Sur un ordre de l’homme, la mère déposa l’enfant. Je pensais qu’elle en était la mère et que l’homme était le père bien que rien dans leurs gestes ne le laissât supposer. Leurs moindres mouvements, ceux de l’homme surtout, semblaient dirigés par une force supérieure. 

L’homme se mit à parler. Je dressai l’oreille. Il dit : « Ô tout puissant génie, divinité de l’ordre, maître de la lumière et de la vérité, par ta volonté infinie, tu m’as choisi entre tous, tu m’as ordonné l’acte suprême de délivrance, tu m’as désigné les péchés des créatures impies que tu daignes éclairer et dont tu veux racheter les âmes damnées. Tu me commandes de laver leurs mains en souillant les miennes de ce sang pur qui coule de mon propre sang. Vois : je suis prêt. Je t’obéirai. Tu ne pouvais me demander davantage que ce fils. Je te le donne. Guide ma main, je ne faiblirai pas. Je serai digne de toi que je vénère. Fais de ton serviteur fidèle l’instrument de ta grandeur pour le salut des hommes et le pardon de leurs fautes. »

Cette scène avait des allures d’épisode biblique bien qu’aucun élément ne le laisse supposer. Il n’y avait pas de signe ostentatoire, pas de symbole religieux, mais ça ressemblait diablement à un rituel si l’on en jugeait par les paroles de l’homme. Ou alors il appartenait à une secte mais une secte des plus cruelles qui demandait à ses adeptes des sacrifices humains. 

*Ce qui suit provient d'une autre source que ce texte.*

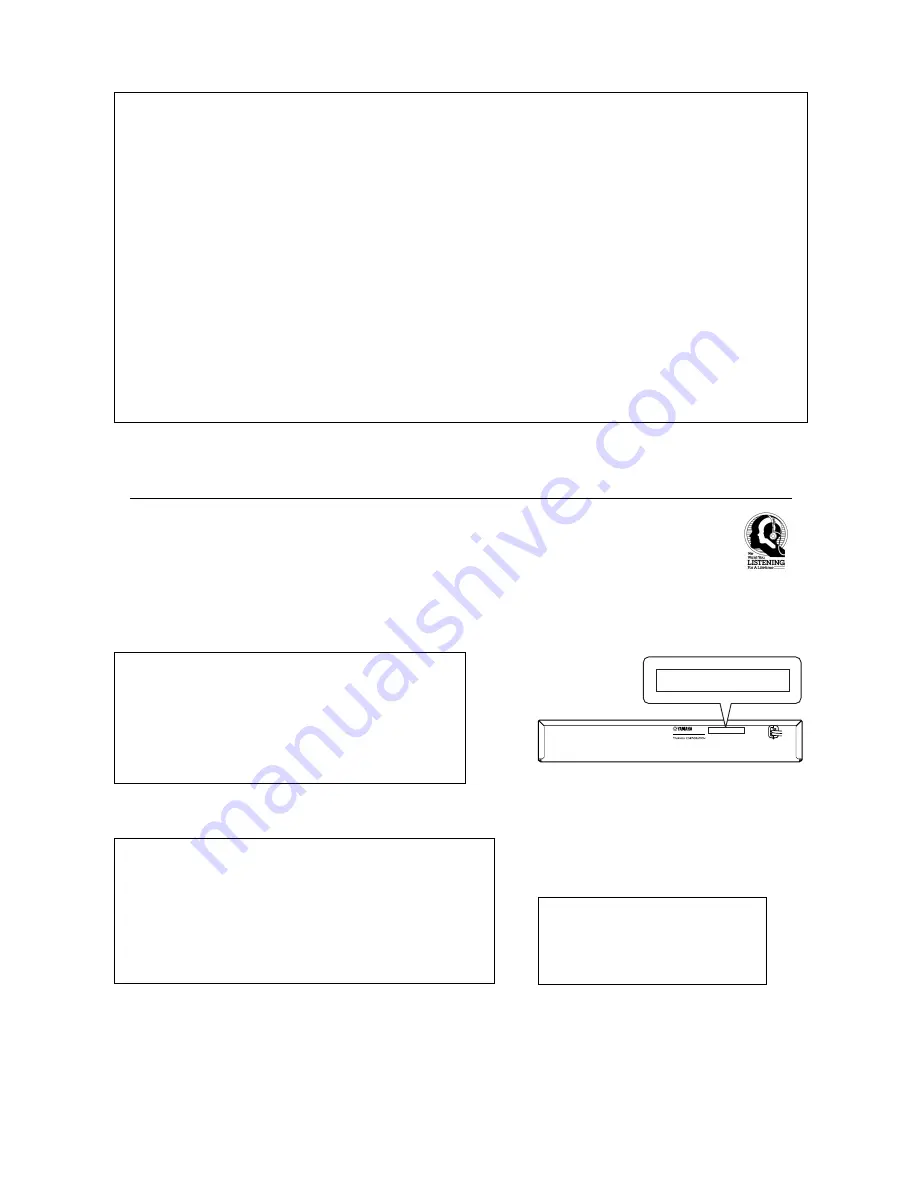 Yamaha DVD S540 - Progressive Scan DVD Player Owner'S Manual Download Page 3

Car désormais, il ne subsistait plus aucun doute sur le noir dessein qu’il s’était fixé et promis de réaliser. Cet homme était un illuminé. Pendant qu’il parlait ainsi et malgré ses propos terrifiants, on eût pu le croire touché par une grâce divine. Il avait perdu toute notion matérielle et humaine pour se consacrer uniquement au but qu’il s’était à n’en point douter imposé à lui-même. Peut-être se croyait-il l’élu de son dieu pour une grande mission purificatrice. Vous saurez bientôt pourquoi, malgré toute ma bonne volonté, je ne pouvais comprendre ce comportement. Et puis, je dois bien vous avouer que cet homme m’effrayait terriblement. 

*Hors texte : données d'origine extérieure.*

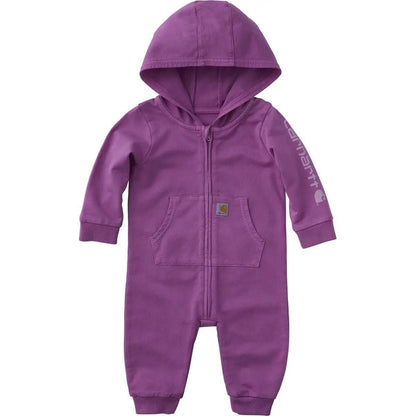 Carhartt Infant Boys' Zip Front Long Sleeve Onesie Med Blue weis-western-wear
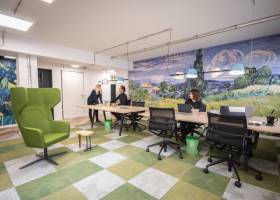 Schreibtisch im Coworking Space | Flat Mitgliedschaft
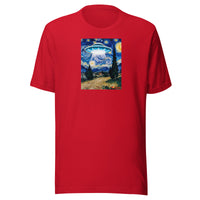 Starry Night by van Gogh And The UFO T-Shirt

La femme ne bougeait pas. Elle aussi paraissait comme hypnotisée par ce singulier personnage. Elle ne fit rien pour le dissuader d’accomplir son acte insensé. Un sacrifice se préparait et personne n’était en mesure d’intervenir pour en interrompre l’exécution avant le moment fatidique. Les deux seuls témoins n’osaient rien entreprendre pour sauver l’enfant. Pas même sa propre mère.

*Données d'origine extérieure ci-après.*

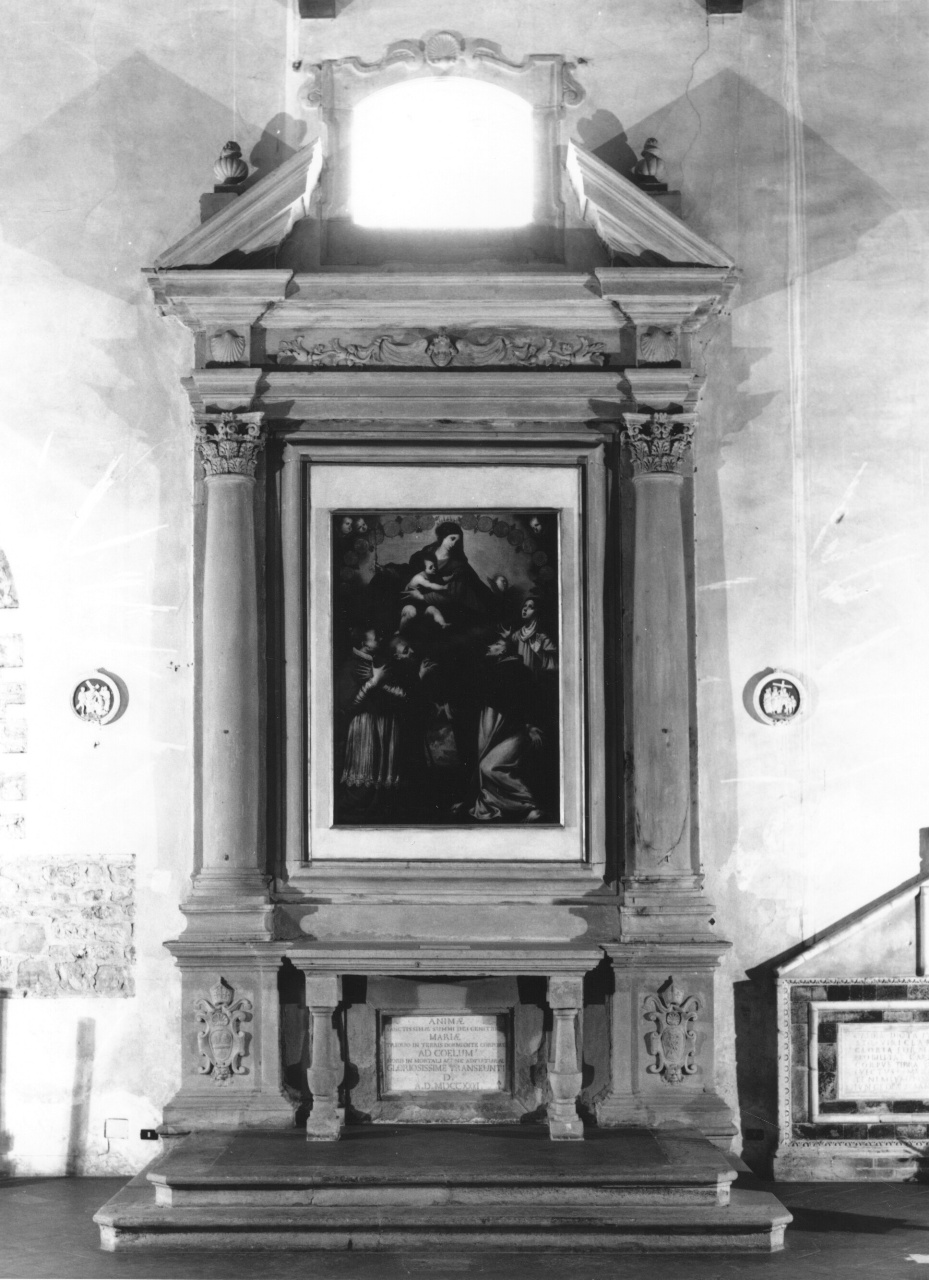 altare - a mensa - bottega toscana (sec. XVII)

L’homme leva son poignard. Je vis la lame aigüe. 

N’allait-elle pas lui arracher sa jeune victime au dernier moment ? N’allait-elle pas se jeter aux pieds de l’homme pour implorer sa grâce ? N’était-ce pas ce qui allait arriver ? Je le souhaitais du fond de mes entrailles. 

L’homme parla à nouveau :

« Ô maître du monde, seigneur tout puissant, je t’offre cette âme pure pour le rachat universel. »

L’arme demeura un instant suspendue dans le silence au-dessus du jeune corps.

Se pouvait-il que la mère fût insensible à ce point ? Non, je crus voir des larmes rouler sur ses joues. Sûrement elle allait intervenir pour sauver le petit être sans défense… 

Elle n’en fit rien. 

La lame s’abattit, perça le cœur du nouveau-né. Tout s’était déroulé dans le calme le plus parfait. 

Pendant tout le temps que dura cette scène, je n’avais pas fait un mouvement. J’étais resté cloué sur place par l’emprise si forte qu’exerçait cet homme sur les êtres et les choses. Je crois que rien ni personne n’aurait pu l’arrêter. Une effroyable machine était en route, l’acte se poursuivait inexorablement par l’intermédiaire du mage, s’accomplissait dans le cadre de la nature. La femme n’avait pas réagi, elle seule peut-être aurait pu s’interposer. Ce moment fut atroce et sublime à la fois. Il me marqua pour la vie. 

Vous pensez sans doute que j’aurais dû tenter quelque action ? Je ne le crois pas car je n’en avais pas vraiment les moyens physiques. Raisonnablement que pouvais-je faire ? Mais vous me pardonnerez... Après tout, je ne suis qu’un chien.